Further, removing the requirement of extensive clinical testing could mean that courts will see more lawsuits and multidistrict litigations similar to those currently filed against 3M involving its Bair Hugger Forced Air Warming device. In that litigation, it is alleged that the company knew of the threat of contaminants due to the device, and the risk of infection, but failed to warn of the risk. The plaintiffs further allege that 3M continued to market its product as safe for use during surgeries and attempted to “conceal and discredit peer-reviewed scientific studies that undermined their ability to market the Bair Hugger.” Notably, the FDA approved the Bair Hugger device for use in 1987 under Section 510(k) of the FDCA, which is an expedited process that allows for less clinical testing if a substantially similar device is already on the market.
It is also unclear how rules and regulations that promote a quicker approval process will affect the doctrine of federal preemption. Just like Bayer Corp. has done with some success in suits alleging injuries sustained from the implantation of Essure Permanent Birth Control, a manufacturer’s defense often rests on the fact that the FDA approved the drug or device’s design, manufacturing method, labels, warnings and instructions for use prior to its release into the market.

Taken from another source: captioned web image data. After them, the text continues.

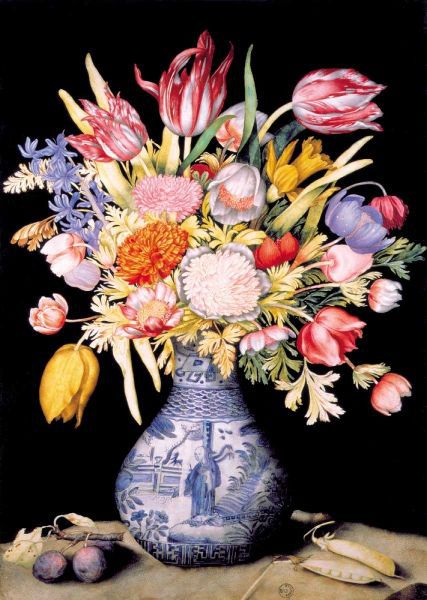 Chinese Vase, Varied Flowers, Prunes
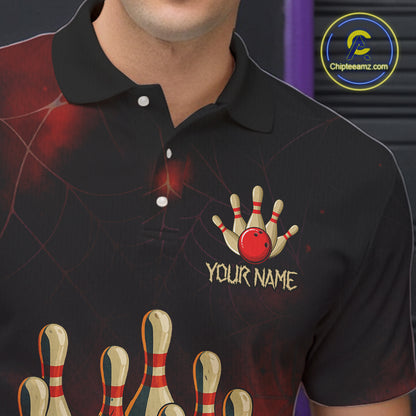 Personalized Funny Angry Spider Bowling Team Polo, 1/4 Zip Shirts For Men, Spider Bowling Jerseys NQS11204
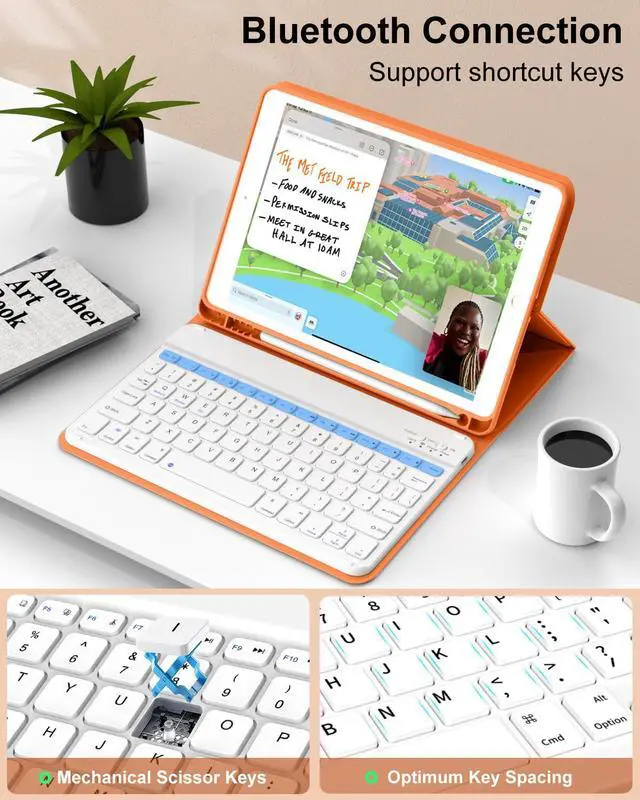 Alt view image 4 of 5 - aoub Keyboard Case for iPad 9th/8th/7th Generation 10.2 Inch (2021/2020/2019) Detachable Wireless Bluetooth Keyboard, Stand Folio Cover with Pencil Holder, Auto Sleep/Wake, Orange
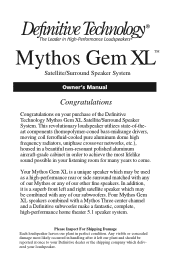 Definitive Technology Mythos Gem XL Mythos Gem XL Manual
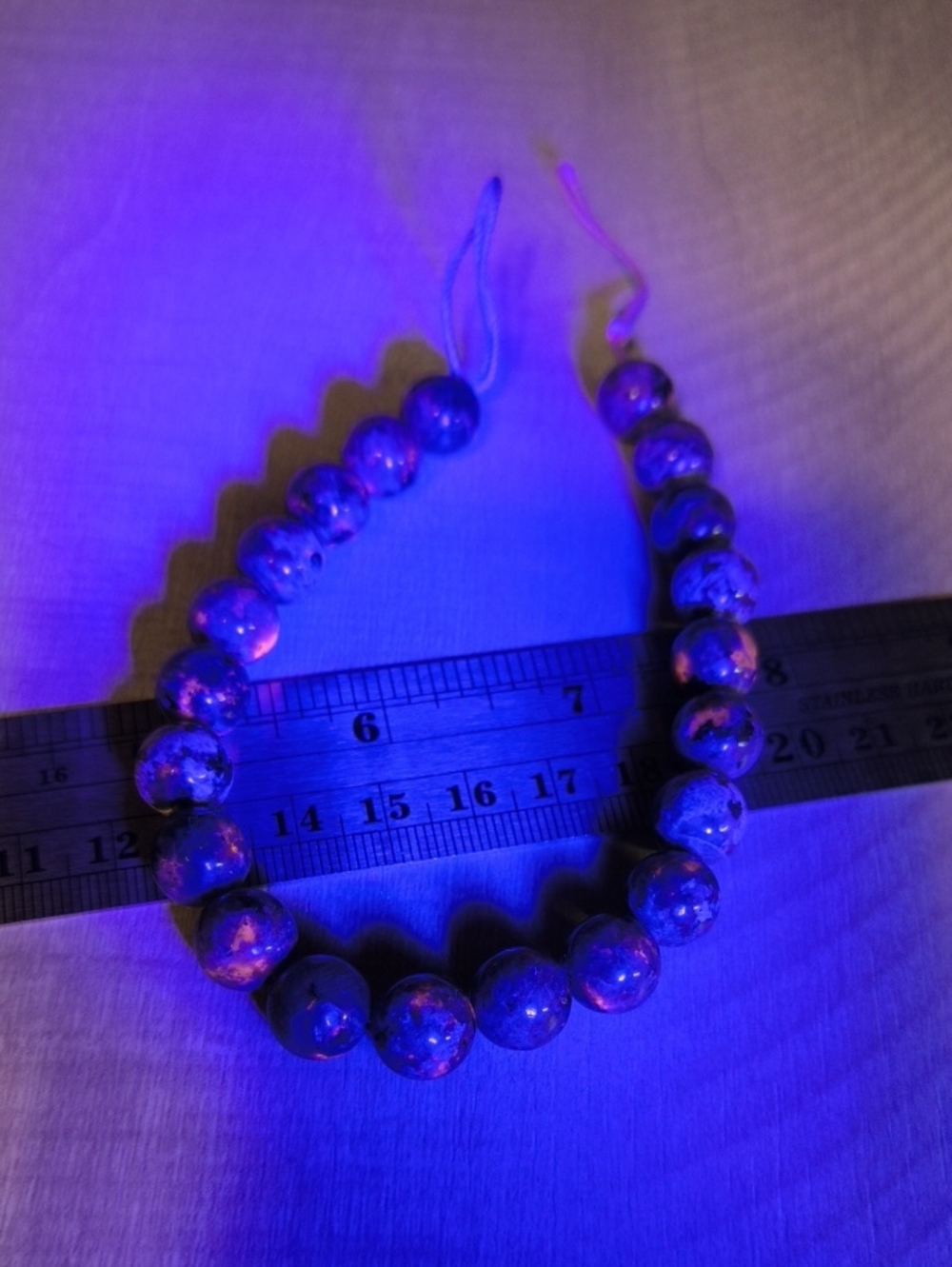#7- 10mm Yooperlite (Fluorescent Sodalite-Syenite) 8-Inch Bead Strand - Picture 2 of 4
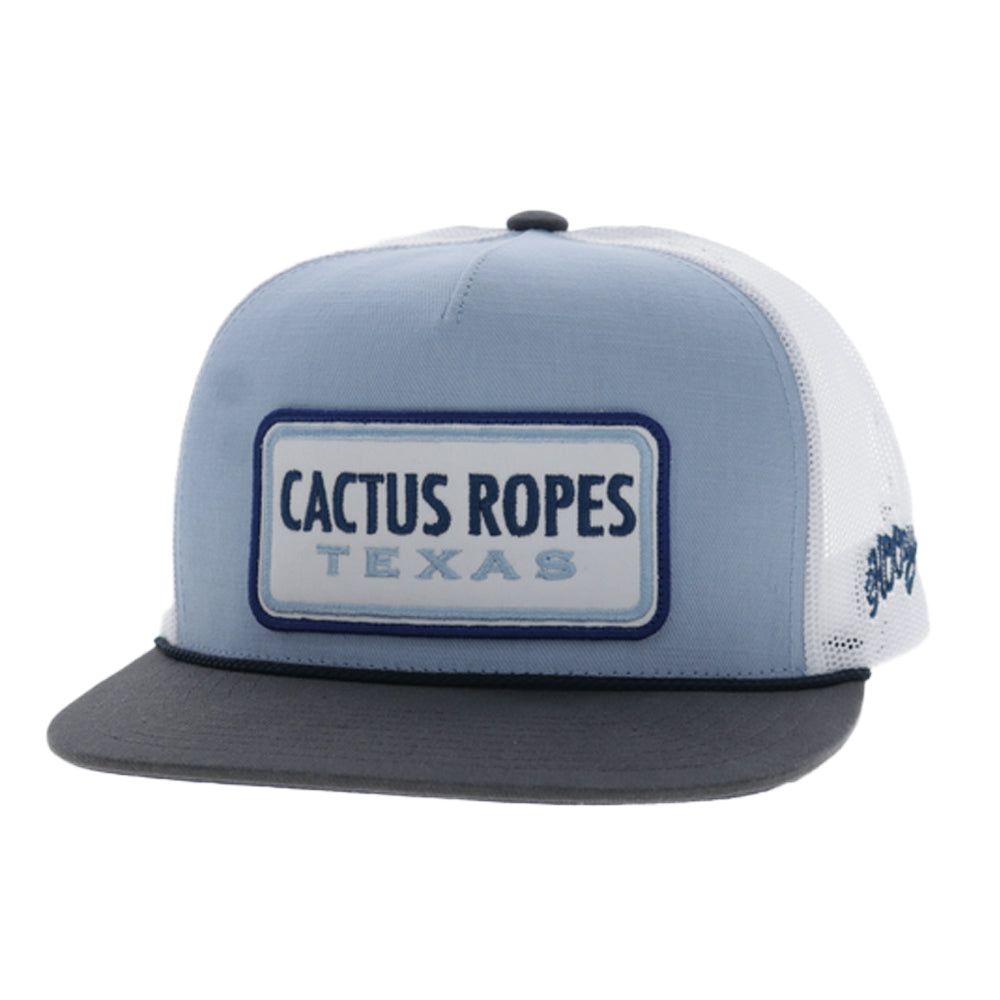 CR127 Cactus Ropes 5-Panel Trucker Snapback Hat Blue/White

This defense has held up in the past, especially for devices approved in the premarket approval process, based on the FDCA’s statutory requirements for safety and effectiveness, with defendants arguing the FDA subjected their product to the “highest level of scrutiny that exists in the federal regulatory system.” If the statutory requirements for a new drug’s approval are weakened, this defense may prove futile for pharmaceutical companies in future litigations to the advantage of plaintiffs.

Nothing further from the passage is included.